Por un momento, al enterarme que Los Años Felices surgía de un blog, tuve cierto temor a encontrarme con una novela demasiado fragmentada. Más que una novela de iniciación, un diario íntimo caprichoso, otro ejercicio autobiográfico de exaltación yoística. Con el correr de los capítulos, la sorpresa que me llevé fue que, por suerte, ES un poco eso. Y es también, muchas otras cosas.
“Yo me preguntaba cómo narrar una época –los años noventa- sin olvidar que la odié profundamente, pero que también la amé en secreto. ¿Cómo fue crecer mientras el mundo alrededor entraba en disolución?”, dice Robles en la contratapa, y es con este tipo de contradicciones con las que nos vamos a encontrar a lo largo de la novela.
Desde la primera página se nos advierte con dos citas: una de Stephen King y otra de Miguel Cané, en apariencia tan lejanos el uno del otro. En definitiva, eso son los años noventa, un gran rejunte de referencias y referentes, de recuerdos mezclados y batidos, amables y odiables, nostálgicos y olvidables.
Un infinito Todo por $2 capaz de contener a Los Simpsons, al programa de Mateyko, al Out run y al Mortal Kombat, las papitas Pringles, Corky, Pearl Jam, Pronto Shake, Peor es Nada, Cemento, Freddy Krueger 3D, los Sábados de Súper Acción de Canal 11, las riñoneras y miles de etcéteras.
Para un lector como yo, de la misma edad que el autor y que vivió su adolescencia en los mismos años que los personajes, la primera sensación es la de identificación. Pero en realidad, lo que aparece después es una especie de obligación generacional a hacer el mismo ejercicio de memoria que el autor y recordar cómo vivió uno las mismas cosas que les pasan a los personajes en la ficción.
Yo también tuve mi primera novia y mis primeros desengaños amorosos, sin entender mucho qué era lo que eso significaba. Mis compañeras de 15 años se embarazaban y dejaban la secundaria. Viví mis primeras muertes cercanas, tuve mis vacaciones en la costa con amigos y todavía guardo los 20 vhs en los que grabé las primeras temporadas de Los Simpsons, cuando todavía me gustaban.
Una década atravesada por la desidia (“al fin y al cabo, yo era clase media. No podía creer mucho en nada. Pero si la revolución la hacían otros, me sumaba.”) y por el miedo a que algo relativamente simple te destruya (“Las desgracias les llegan a todo el mundo, en algún momento: un muerto, un robo, un desocupado en la familia”.)

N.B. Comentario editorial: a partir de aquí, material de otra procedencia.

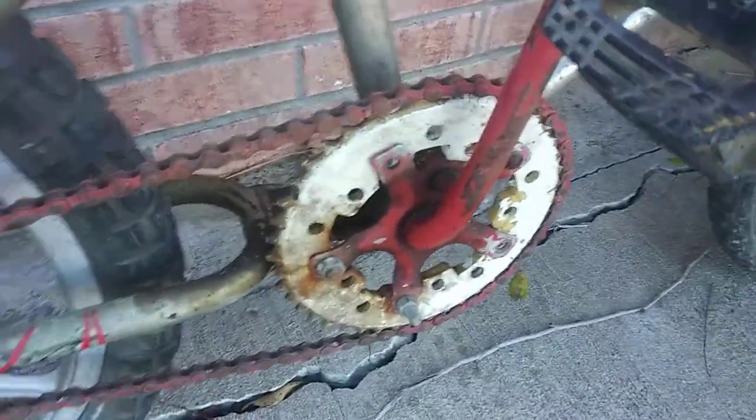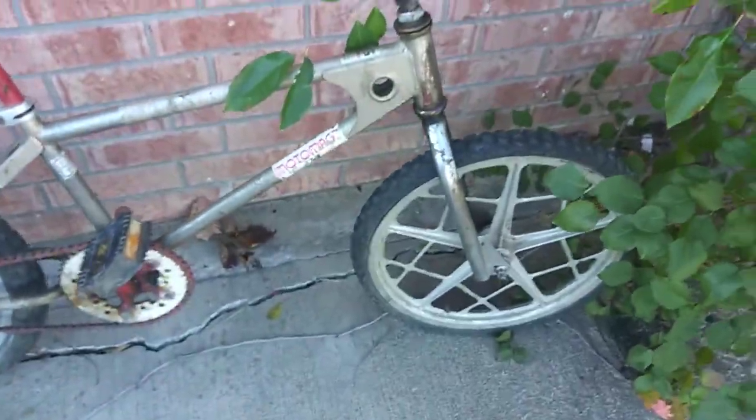Seat is original, but it's messed up. Bars look like a Race Inc, looks like a Race Inc seat post, or STR. And upgraded cranks, sprocket's bent. But not a bad survivor. I did pay some money for it, so I do have some bars and stem for it.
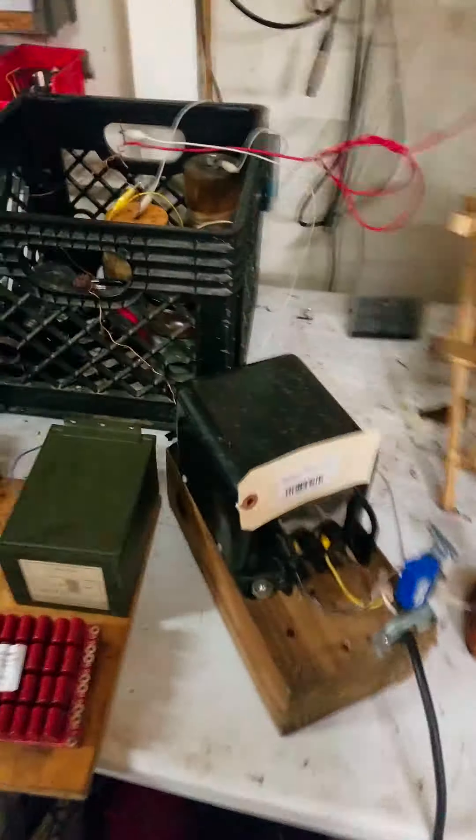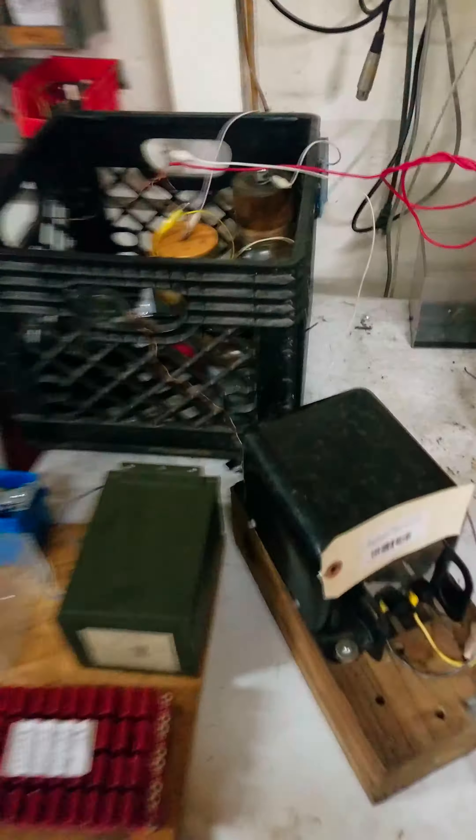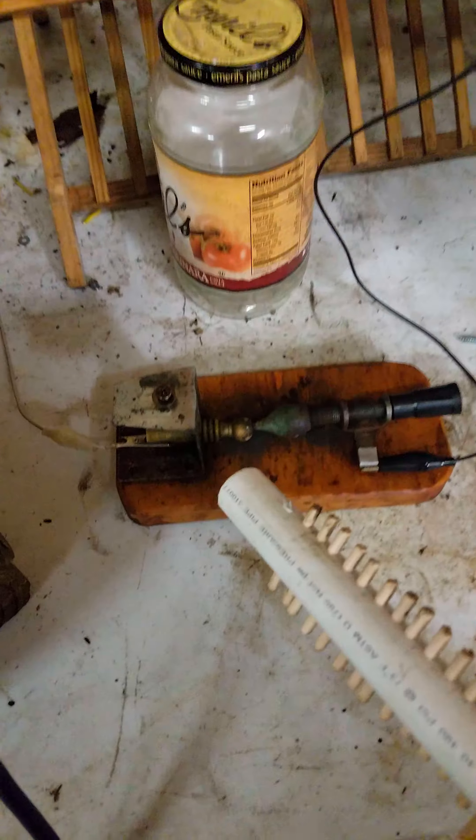This thing operates like no 10,000 volts I've ever seen before, and that will be indicative of the entire distance possible on this spark gap, with approximately 6 nanofarads of capacitance bank in parallel.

Sigo pensando en que tanto para mí como para Eric –el protagonista de la novela- las personas/personajes que pasaron por ese
lapso de nuestras vidas, funcionaron más como roles en nuestro devenir, en nuestro crecimiento, pero que, no por eso, fueron
menos importantes. Por el contrario, ninguno – ni los extras, ni los secundarios- pasó desapercibido porque todos supieron dejar su huella en ese campo virgen que fuimos.
Y todo concluye en la irreconciliable sensación de pena de haber vivido la adolescencia en ese contexto, porque lo que fuimos allí es casi todo lo que somos aquí. Aunque también (seamos justos) se lo debemos.